Directions for this task: In full and without alteration, give the listing again.

==*==

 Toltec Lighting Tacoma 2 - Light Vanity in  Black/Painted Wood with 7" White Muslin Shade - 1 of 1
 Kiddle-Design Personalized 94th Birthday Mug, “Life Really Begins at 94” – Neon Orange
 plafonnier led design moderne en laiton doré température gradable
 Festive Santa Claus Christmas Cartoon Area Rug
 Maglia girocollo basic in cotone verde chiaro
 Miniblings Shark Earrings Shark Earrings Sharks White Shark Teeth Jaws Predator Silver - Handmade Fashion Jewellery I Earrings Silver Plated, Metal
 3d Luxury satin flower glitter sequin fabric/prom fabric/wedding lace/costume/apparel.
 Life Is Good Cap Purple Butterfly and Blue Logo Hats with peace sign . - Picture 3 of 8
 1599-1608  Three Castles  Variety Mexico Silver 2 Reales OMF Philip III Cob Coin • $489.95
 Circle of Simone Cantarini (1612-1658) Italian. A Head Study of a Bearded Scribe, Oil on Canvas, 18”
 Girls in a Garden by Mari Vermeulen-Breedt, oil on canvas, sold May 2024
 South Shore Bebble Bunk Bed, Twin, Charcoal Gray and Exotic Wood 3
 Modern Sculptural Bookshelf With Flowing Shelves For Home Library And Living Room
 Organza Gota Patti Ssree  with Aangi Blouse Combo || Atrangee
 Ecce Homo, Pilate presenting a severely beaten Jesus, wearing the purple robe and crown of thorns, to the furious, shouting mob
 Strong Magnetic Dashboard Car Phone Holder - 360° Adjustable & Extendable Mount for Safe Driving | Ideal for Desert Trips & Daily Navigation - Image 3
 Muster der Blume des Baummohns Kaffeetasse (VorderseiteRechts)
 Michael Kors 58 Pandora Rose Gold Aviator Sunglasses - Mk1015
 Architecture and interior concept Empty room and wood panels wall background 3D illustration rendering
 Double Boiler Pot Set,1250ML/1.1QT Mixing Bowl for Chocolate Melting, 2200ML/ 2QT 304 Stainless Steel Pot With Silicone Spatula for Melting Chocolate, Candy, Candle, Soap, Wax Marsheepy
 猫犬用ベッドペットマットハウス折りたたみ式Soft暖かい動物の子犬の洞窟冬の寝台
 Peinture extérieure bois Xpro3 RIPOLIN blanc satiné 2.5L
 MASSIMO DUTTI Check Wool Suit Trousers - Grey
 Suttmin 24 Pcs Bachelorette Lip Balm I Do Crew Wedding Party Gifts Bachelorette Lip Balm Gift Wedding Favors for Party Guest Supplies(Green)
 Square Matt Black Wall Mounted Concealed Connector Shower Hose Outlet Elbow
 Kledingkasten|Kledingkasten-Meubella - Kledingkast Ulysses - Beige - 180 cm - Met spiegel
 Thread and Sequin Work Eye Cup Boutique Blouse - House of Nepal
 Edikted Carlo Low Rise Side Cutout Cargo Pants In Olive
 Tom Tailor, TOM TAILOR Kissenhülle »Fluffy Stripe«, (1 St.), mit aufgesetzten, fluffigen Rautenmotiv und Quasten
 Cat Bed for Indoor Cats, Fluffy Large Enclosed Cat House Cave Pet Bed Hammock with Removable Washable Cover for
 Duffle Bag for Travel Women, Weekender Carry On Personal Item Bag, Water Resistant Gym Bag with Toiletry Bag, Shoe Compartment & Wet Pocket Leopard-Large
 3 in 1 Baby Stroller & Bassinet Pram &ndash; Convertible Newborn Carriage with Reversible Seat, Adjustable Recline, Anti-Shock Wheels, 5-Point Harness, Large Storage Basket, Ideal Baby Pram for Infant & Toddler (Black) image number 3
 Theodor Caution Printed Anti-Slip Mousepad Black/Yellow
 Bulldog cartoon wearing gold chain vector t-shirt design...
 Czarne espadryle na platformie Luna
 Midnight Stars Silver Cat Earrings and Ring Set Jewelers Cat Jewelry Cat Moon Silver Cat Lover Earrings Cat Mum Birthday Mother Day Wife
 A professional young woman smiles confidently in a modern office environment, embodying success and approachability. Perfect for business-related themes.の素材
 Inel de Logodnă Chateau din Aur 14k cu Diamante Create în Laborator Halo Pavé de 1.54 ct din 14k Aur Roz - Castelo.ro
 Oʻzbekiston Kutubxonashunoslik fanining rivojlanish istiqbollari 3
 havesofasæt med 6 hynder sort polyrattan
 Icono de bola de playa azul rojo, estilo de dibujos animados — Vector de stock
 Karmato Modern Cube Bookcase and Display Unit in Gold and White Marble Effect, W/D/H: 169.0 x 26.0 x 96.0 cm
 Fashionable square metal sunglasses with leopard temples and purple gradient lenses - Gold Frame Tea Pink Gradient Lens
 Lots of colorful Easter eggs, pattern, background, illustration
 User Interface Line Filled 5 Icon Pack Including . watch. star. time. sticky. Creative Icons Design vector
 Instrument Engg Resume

==*==

Solution for this task:
 Toltec Lighting Tacoma 2 - Light Vanity in  Black/Painted Wood with 7" White Muslin Shade - 1 of 1
 Kiddle-Design Personalized 94th Birthday Mug, “Life Really Begins at 94” – Neon Orange
 plafonnier led design moderne en laiton doré température gradable
 Festive Santa Claus Christmas Cartoon Area Rug
 Maglia girocollo basic in cotone verde chiaro
 Miniblings Shark Earrings Shark Earrings Sharks White Shark Teeth Jaws Predator Silver - Handmade Fashion Jewellery I Earrings Silver Plated, Metal
 3d Luxury satin flower glitter sequin fabric/prom fabric/wedding lace/costume/apparel.
 Life Is Good Cap Purple Butterfly and Blue Logo Hats with peace sign . - Picture 3 of 8
 1599-1608  Three Castles  Variety Mexico Silver 2 Reales OMF Philip III Cob Coin • $489.95
 Circle of Simone Cantarini (1612-1658) Italian. A Head Study of a Bearded Scribe, Oil on Canvas, 18”
 Girls in a Garden by Mari Vermeulen-Breedt, oil on canvas, sold May 2024
 South Shore Bebble Bunk Bed, Twin, Charcoal Gray and Exotic Wood 3
 Modern Sculptural Bookshelf With Flowing Shelves For Home Library And Living Room
 Organza Gota Patti Ssree  with Aangi Blouse Combo || Atrangee
 Ecce Homo, Pilate presenting a severely beaten Jesus, wearing the purple robe and crown of thorns, to the furious, shouting mob
 Strong Magnetic Dashboard Car Phone Holder - 360° Adjustable & Extendable Mount for Safe Driving | Ideal for Desert Trips & Daily Navigation - Image 3
 Muster der Blume des Baummohns Kaffeetasse (VorderseiteRechts)
 Michael Kors 58 Pandora Rose Gold Aviator Sunglasses - Mk1015
 Architecture and interior concept Empty room and wood panels wall background 3D illustration rendering
 Double Boiler Pot Set,1250ML/1.1QT Mixing Bowl for Chocolate Melting, 2200ML/ 2QT 304 Stainless Steel Pot With Silicone Spatula for Melting Chocolate, Candy, Candle, Soap, Wax Marsheepy
 猫犬用ベッドペットマットハウス折りたたみ式Soft暖かい動物の子犬の洞窟冬の寝台
 Peinture extérieure bois Xpro3 RIPOLIN blanc satiné 2.5L
 MASSIMO DUTTI Check Wool Suit Trousers - Grey
 Suttmin 24 Pcs Bachelorette Lip Balm I Do Crew Wedding Party Gifts Bachelorette Lip Balm Gift Wedding Favors for Party Guest Supplies(Green)
 Square Matt Black Wall Mounted Concealed Connector Shower Hose Outlet Elbow
 Kledingkasten|Kledingkasten-Meubella - Kledingkast Ulysses - Beige - 180 cm - Met spiegel
 Thread and Sequin Work Eye Cup Boutique Blouse - House of Nepal
 Edikted Carlo Low Rise Side Cutout Cargo Pants In Olive
 Tom Tailor, TOM TAILOR Kissenhülle »Fluffy Stripe«, (1 St.), mit aufgesetzten, fluffigen Rautenmotiv und Quasten
 Cat Bed for Indoor Cats, Fluffy Large Enclosed Cat House Cave Pet Bed Hammock with Removable Washable Cover for
 Duffle Bag for Travel Women, Weekender Carry On Personal Item Bag, Water Resistant Gym Bag with Toiletry Bag, Shoe Compartment & Wet Pocket Leopard-Large
 3 in 1 Baby Stroller & Bassinet Pram &ndash; Convertible Newborn Carriage with Reversible Seat, Adjustable Recline, Anti-Shock Wheels, 5-Point Harness, Large Storage Basket, Ideal Baby Pram for Infant & Toddler (Black) image number 3
 Theodor Caution Printed Anti-Slip Mousepad Black/Yellow
 Bulldog cartoon wearing gold chain vector t-shirt design...
 Czarne espadryle na platformie Luna
 Midnight Stars Silver Cat Earrings and Ring Set Jewelers Cat Jewelry Cat Moon Silver Cat Lover Earrings Cat Mum Birthday Mother Day Wife
 A professional young woman smiles confidently in a modern office environment, embodying success and approachability. Perfect for business-related themes.の素材
 Inel de Logodnă Chateau din Aur 14k cu Diamante Create în Laborator Halo Pavé de 1.54 ct din 14k Aur Roz - Castelo.ro
 Oʻzbekiston Kutubxonashunoslik fanining rivojlanish istiqbollari 3
 havesofasæt med 6 hynder sort polyrattan
 Icono de bola de playa azul rojo, estilo de dibujos animados — Vector de stock
 Karmato Modern Cube Bookcase and Display Unit in Gold and White Marble Effect, W/D/H: 169.0 x 26.0 x 96.0 cm
 Fashionable square metal sunglasses with leopard temples and purple gradient lenses - Gold Frame Tea Pink Gradient Lens
 Lots of colorful Easter eggs, pattern, background, illustration
 User Interface Line Filled 5 Icon Pack Including . watch. star. time. sticky. Creative Icons Design vector
 Instrument Engg Resume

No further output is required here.